* [Record set]
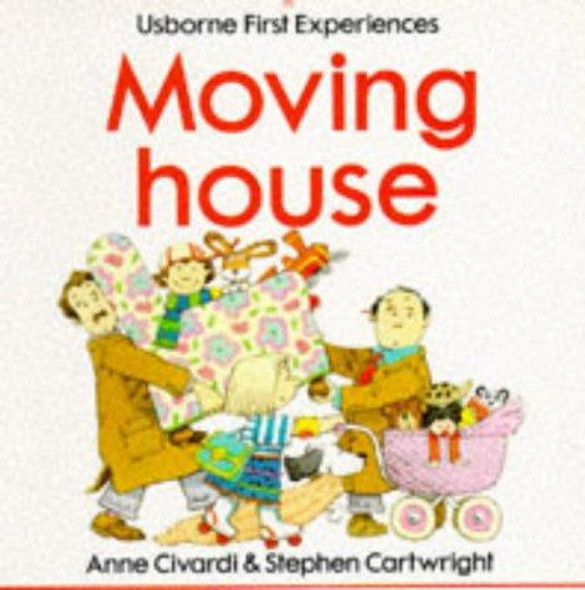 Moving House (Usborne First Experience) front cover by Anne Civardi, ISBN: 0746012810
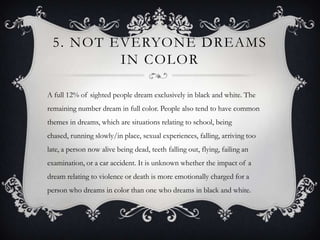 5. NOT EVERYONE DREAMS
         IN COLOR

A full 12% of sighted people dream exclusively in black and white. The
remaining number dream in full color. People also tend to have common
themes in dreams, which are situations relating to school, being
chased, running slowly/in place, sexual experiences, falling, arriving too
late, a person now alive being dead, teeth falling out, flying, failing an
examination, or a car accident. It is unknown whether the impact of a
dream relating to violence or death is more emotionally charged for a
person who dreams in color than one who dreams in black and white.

--

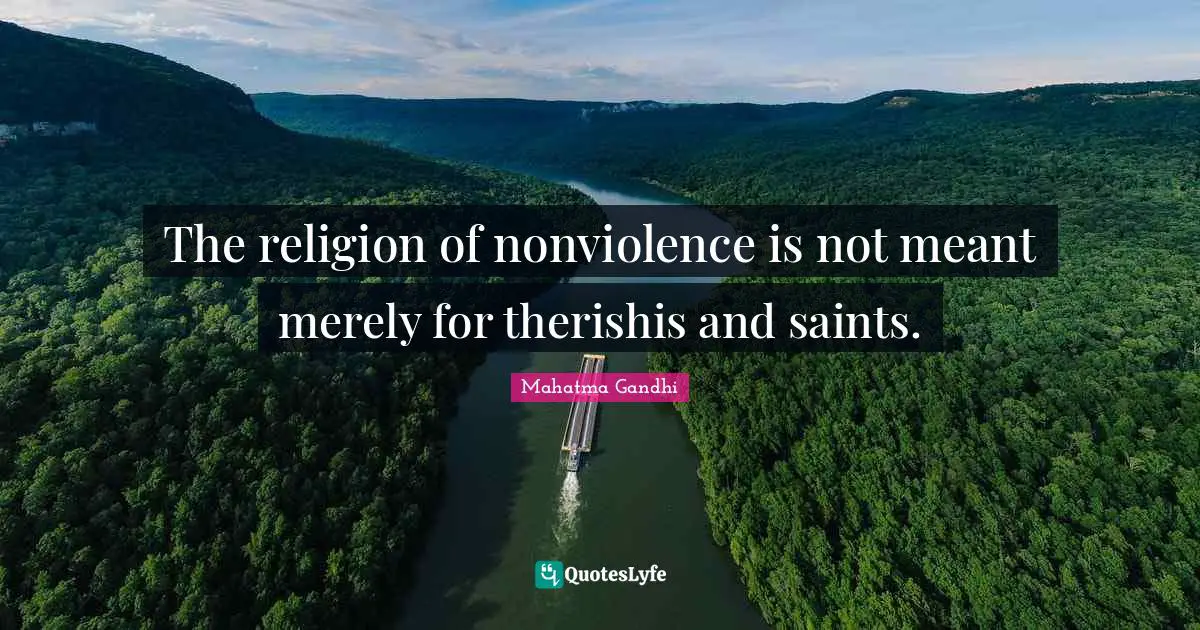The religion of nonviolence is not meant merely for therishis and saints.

...

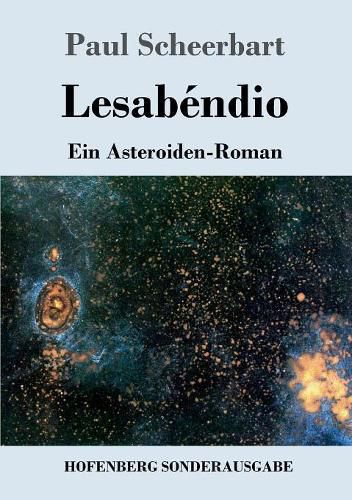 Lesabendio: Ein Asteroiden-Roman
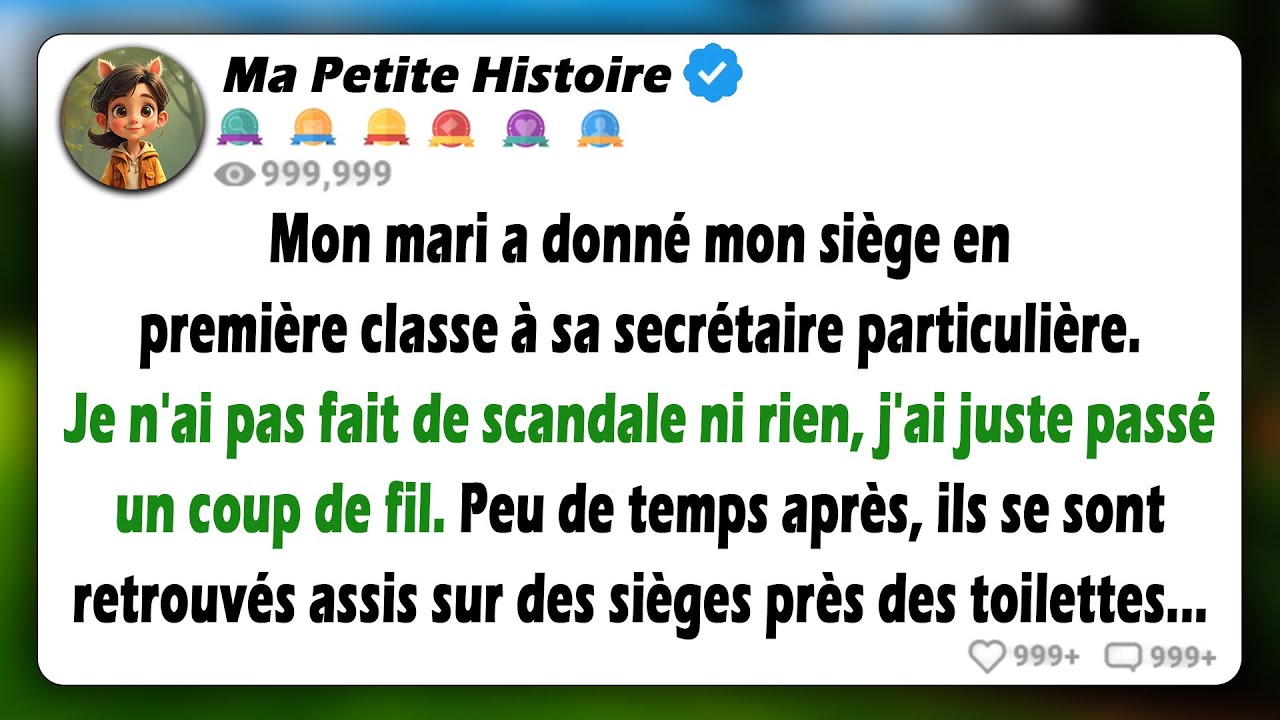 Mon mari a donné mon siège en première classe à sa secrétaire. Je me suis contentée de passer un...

* [Exercise instructions] Using the records above, list each line that includes "person".

* [Problem solution]
late, a person now alive being dead, teeth falling out, flying, failing an
person who dreams in color than one who dreams in black and white.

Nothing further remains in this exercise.